猫耳メイドさんに一途な思いを捧げているオタクの須藤君。
それは彼にとって至福の時間であり、大切な時間であった。
だが突然にそのメイドさんが辞めてしまい……
というところから始まるなんとも楽しく熱い物語!
王道ともいえるストーリーで、すっかり夢中になってしまいます。
コメディータッチで描かれる軽快な文章。
可愛い女の子はかわいく、男の子は実に男の子らしく、の応援したくなるキャラクター達。
さらにひねりのある展開と、現実味あふれるストーリー運びがなんとも魅力的な作品。
そしてメインテーマでもある15センチのもたらすものとは!?
とにかく楽しく読める作品です。
是非読んでみてください!
メイド喫茶。
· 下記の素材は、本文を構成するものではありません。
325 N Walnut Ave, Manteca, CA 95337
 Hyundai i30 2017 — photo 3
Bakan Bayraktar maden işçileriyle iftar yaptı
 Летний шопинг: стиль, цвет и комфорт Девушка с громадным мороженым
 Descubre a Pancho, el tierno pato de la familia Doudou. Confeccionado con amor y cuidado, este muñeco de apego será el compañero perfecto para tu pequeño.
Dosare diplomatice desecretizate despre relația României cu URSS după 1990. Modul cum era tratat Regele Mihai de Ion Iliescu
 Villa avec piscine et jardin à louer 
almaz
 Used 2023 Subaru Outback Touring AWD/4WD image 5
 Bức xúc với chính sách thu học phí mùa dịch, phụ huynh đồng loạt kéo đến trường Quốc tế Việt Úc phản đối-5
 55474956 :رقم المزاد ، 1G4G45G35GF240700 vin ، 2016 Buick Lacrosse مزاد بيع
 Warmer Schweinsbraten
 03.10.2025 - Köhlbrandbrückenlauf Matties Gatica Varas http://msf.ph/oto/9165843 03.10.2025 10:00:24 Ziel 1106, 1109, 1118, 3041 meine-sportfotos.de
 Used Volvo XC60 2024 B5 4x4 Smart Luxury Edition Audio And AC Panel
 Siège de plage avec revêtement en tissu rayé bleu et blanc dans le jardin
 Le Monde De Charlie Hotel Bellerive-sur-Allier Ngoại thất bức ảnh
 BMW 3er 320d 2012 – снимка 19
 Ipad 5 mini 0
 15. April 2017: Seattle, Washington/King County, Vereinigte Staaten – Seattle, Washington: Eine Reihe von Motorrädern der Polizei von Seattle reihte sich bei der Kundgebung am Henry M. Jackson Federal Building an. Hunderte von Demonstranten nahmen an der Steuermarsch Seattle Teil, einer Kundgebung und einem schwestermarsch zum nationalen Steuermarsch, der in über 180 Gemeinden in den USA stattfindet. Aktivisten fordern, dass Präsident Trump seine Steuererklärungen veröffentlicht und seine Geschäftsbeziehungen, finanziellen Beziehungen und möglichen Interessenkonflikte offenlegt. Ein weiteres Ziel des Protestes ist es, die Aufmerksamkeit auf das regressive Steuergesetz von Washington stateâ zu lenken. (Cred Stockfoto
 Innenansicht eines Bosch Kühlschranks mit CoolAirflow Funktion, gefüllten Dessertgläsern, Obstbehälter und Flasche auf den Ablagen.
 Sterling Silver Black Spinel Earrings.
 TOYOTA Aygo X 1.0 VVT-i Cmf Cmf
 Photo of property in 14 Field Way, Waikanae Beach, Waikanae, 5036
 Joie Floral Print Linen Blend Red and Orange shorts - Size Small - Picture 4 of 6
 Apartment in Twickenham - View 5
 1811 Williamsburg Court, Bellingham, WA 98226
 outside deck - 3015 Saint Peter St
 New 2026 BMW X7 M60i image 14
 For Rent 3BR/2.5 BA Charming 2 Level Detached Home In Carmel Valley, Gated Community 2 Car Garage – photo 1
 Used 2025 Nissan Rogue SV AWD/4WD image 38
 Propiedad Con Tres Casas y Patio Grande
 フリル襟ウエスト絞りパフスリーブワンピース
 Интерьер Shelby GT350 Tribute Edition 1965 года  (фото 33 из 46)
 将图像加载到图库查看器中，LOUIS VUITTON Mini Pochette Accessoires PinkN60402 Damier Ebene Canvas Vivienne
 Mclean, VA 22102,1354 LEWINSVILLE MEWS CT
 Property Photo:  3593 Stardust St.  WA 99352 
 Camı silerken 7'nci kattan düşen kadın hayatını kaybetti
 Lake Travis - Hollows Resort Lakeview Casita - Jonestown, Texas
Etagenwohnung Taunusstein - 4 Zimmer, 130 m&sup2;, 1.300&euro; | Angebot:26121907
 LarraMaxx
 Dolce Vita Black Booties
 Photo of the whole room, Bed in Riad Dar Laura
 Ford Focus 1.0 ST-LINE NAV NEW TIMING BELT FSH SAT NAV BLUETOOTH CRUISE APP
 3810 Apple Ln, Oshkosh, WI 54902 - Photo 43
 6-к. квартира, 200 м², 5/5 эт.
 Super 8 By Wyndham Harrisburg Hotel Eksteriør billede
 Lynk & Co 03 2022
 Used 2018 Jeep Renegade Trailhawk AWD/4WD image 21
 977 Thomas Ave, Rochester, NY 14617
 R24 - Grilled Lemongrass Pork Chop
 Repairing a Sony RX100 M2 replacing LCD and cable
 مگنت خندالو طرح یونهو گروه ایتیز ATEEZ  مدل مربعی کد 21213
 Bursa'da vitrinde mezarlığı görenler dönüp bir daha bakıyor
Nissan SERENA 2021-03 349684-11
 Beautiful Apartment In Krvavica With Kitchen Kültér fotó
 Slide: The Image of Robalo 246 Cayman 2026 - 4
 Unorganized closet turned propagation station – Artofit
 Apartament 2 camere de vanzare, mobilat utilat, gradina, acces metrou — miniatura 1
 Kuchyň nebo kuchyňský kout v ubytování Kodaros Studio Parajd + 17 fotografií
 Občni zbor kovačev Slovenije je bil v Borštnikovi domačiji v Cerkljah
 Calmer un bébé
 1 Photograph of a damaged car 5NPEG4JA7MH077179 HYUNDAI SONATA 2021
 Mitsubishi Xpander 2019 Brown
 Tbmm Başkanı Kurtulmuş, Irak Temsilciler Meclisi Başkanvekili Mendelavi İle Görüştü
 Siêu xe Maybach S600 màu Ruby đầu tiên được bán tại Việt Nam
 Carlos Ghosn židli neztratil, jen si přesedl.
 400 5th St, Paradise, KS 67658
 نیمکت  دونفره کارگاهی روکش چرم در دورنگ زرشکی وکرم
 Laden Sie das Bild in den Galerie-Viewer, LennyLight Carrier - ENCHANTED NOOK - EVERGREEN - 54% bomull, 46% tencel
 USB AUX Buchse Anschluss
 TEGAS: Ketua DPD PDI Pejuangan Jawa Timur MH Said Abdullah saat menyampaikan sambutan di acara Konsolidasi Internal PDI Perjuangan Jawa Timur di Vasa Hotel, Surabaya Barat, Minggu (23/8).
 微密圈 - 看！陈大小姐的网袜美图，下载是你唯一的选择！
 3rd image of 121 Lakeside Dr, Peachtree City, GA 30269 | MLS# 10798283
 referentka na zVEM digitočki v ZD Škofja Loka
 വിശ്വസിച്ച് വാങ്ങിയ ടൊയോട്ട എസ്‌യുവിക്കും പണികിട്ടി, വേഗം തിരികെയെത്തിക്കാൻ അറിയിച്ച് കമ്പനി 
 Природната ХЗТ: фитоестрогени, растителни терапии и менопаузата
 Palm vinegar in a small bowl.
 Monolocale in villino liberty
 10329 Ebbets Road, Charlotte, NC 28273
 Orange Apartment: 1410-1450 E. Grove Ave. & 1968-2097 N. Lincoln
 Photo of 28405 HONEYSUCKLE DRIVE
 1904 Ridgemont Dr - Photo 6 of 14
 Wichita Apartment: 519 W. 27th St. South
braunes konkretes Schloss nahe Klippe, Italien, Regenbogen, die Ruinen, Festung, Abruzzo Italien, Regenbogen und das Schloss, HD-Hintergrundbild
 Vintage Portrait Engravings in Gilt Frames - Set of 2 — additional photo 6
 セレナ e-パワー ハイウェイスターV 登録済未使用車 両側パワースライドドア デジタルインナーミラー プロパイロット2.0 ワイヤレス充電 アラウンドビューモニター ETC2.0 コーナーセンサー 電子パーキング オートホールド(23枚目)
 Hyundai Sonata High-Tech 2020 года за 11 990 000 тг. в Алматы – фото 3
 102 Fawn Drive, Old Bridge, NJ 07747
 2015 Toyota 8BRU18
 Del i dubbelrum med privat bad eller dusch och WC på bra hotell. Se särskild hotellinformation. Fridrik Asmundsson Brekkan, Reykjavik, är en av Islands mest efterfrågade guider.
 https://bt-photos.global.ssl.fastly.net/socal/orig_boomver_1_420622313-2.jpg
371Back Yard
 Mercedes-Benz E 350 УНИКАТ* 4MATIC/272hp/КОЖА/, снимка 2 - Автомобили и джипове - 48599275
オタク。
この二つのワードで浮かび上がるのは、薄暗いイメージが多いのではないでしょうか。
ですが、15センチに至る確かな緩急とブレのない物語の筋道は心地よくラストへと作者様は導いて下さいます。
タグにある、「ビームサーベル」の正体は必見です。
一見しますと、オタクの知識がなければ読み辛いと感じられるかもしれませんが、そのような心配はありません。
メイド喫茶の店員さんも、オタクも同じ人間です。
受ける痛みや思いも同じだと、偏見を改める機会を与えて下さる作品だと感じました。
私も、アニメや漫画、ゲームを愛する人間の一人です。
素敵な物語を、ありがとうございました。
タイトルの、「リュックサックからポスター」にピンときたら、ヲタ検定2級の資格があります。
冗談はさておきまして、今作は「僕とキミの15センチ」物語参加作ということで、どこに「15センチ」を持ってくるのか楽しみに拝読いたしました。
主人公はメイド喫茶に入り浸る男子高校生。そして想い人はそこで働くメイドの女子高生。これだけでも、ヲタッキーが喜びそうなシチュエーションです。そこにふりかけられたスパイスが、絶妙に効いてきます。
そしてエンディングに、キーワードの「15センチ」が登場します。ここまでの運び方が、とても面白いのです。大トリに用いられる「15センチ」、これはぜひご覧いただいて、一緒に胸をキューンとさせませんか。40センチから15センチへ、と煽らせていただきます。